When a theology can ignore all perspectives but its own, making the short jump from believing oneself to hold The Truth to claiming persecution for being expected to bake a wedding cake begins to make sense. It’s easier and much more comforting than dealing with the possibility that other perspectives may be equally or perhaps more valid.

The idea of intersectional thinking comes to us from a long tradition of Black feminist thought. The term “intersectionality” was coined by law professor Kimberle Crenshaw. Intersectionality takes note of how race, gender, social class, sexual identity, and other forms of difference shape one another within a matrix of social institutions that confer power differentially. An intersectional theology, as we have proposed, centers intersectional thinking in our doing of theology.

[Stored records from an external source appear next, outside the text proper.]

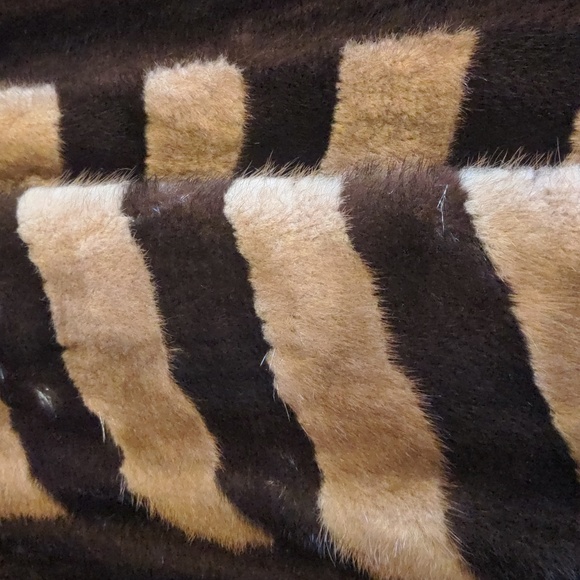 3. Vintage Alexander Furs Montreal Mink Chevron Stripe Coat  Luxe Designer - Picture 8 of 9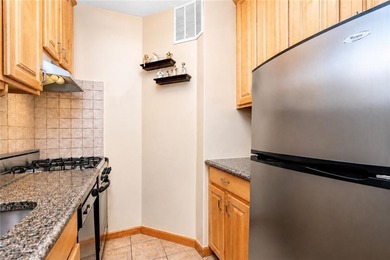 Move right into this beautifully maintained ground-floor - photo 8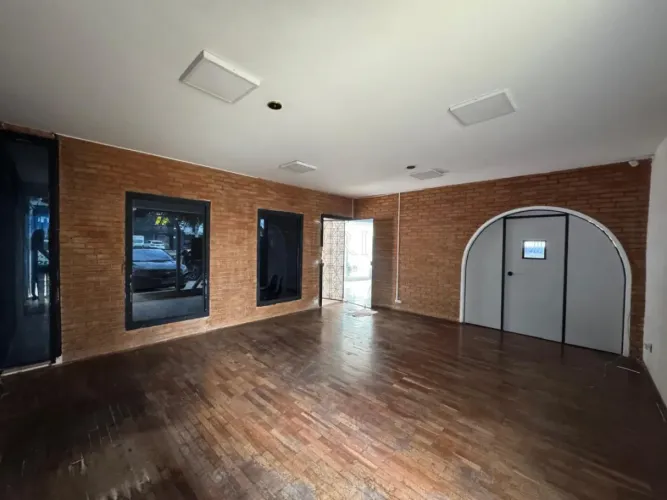 Imóvel comercial na Av. Comendador da Silva Martha ao lado da pizzaria Palazzo em Bauru -S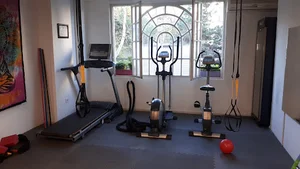 باشگاه ورزش بانوان اکسین تلفن: 22034585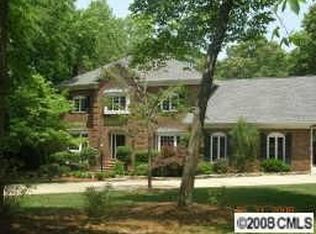 2335 Maynard Rd, Charlotte, NC 28270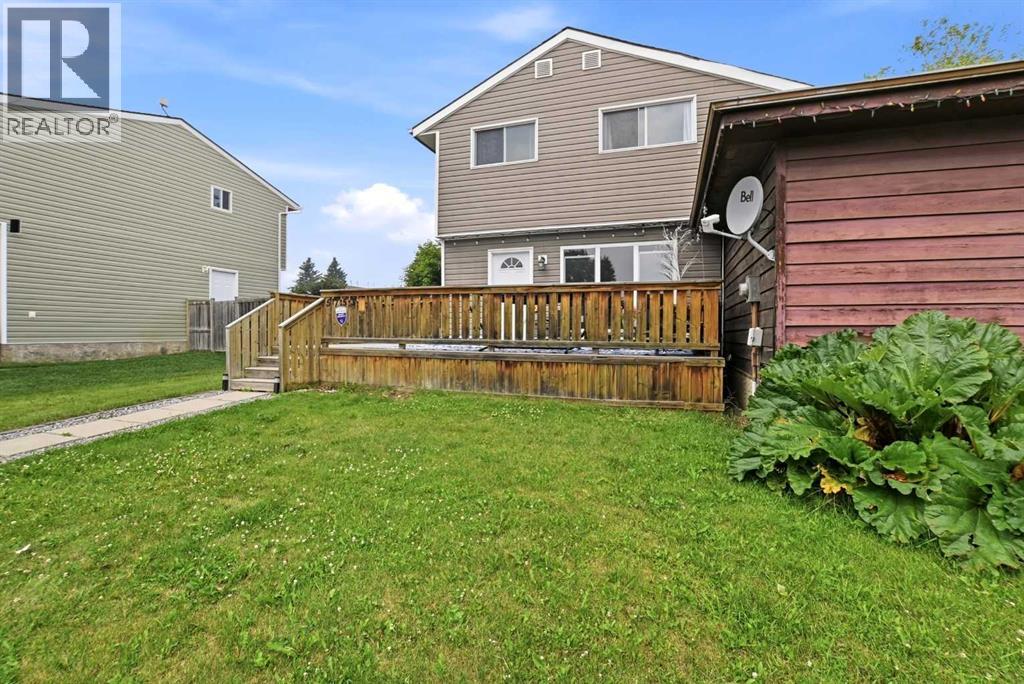 5753 53 Street Close - 4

A truly intersectional theology is messy. It encompasses all the contradictions, differences, and difficulties of human experience, and that means that sometimes we won’t find a direct line from point A to point B to ultimate Truth. Instead, we will find questions, people who are nothing like us, ideas that terrify and challenge us.

An intersectional theology will not allow us to ignore human suffering, nor will it allow us to cause suffering in the name of God because it will underline the equal value of all of us toward our collective, contradictory, scary, and exhilarating understandings of God. It will compel us to speak out against real persecution—against Christians around the world, against Jews and Muslims in the US, who actually do suffer the most religious persecution in our country.

This kind of intersectional thinking is for all of us, not just those of us who are members of an oppressed group. In fact, the embrace of intersectional thinking by dominant groups is absolutely essential to progress for us all because dominant groups hold the social, economic, political, and religious power to make significant change. This means white, heterosexual men, for example, need to recognize that their race, gender, and sexual identity are part of the way they do theology. They cannot be objective and neutral; rather they express theology from their particular social locations.

If we Christians begin to think this way, to center questions of the role of the intersections of difference in our theological thinking and faith practice, then we can revolutionize the church, making it a leader in changing the world for good, rather than being a follower 25 years behind the rest of society. With intersectional thinking, evangelical Christians likely won’t see themselves as persecuted in the US because they’ll understand the ways power and privilege operate across social differences, and progressive Christians will remind themselves that they need to pay attention to all the differences, not just the ones that happen to affect them. Together, then, we take another step toward the kin-dom of God.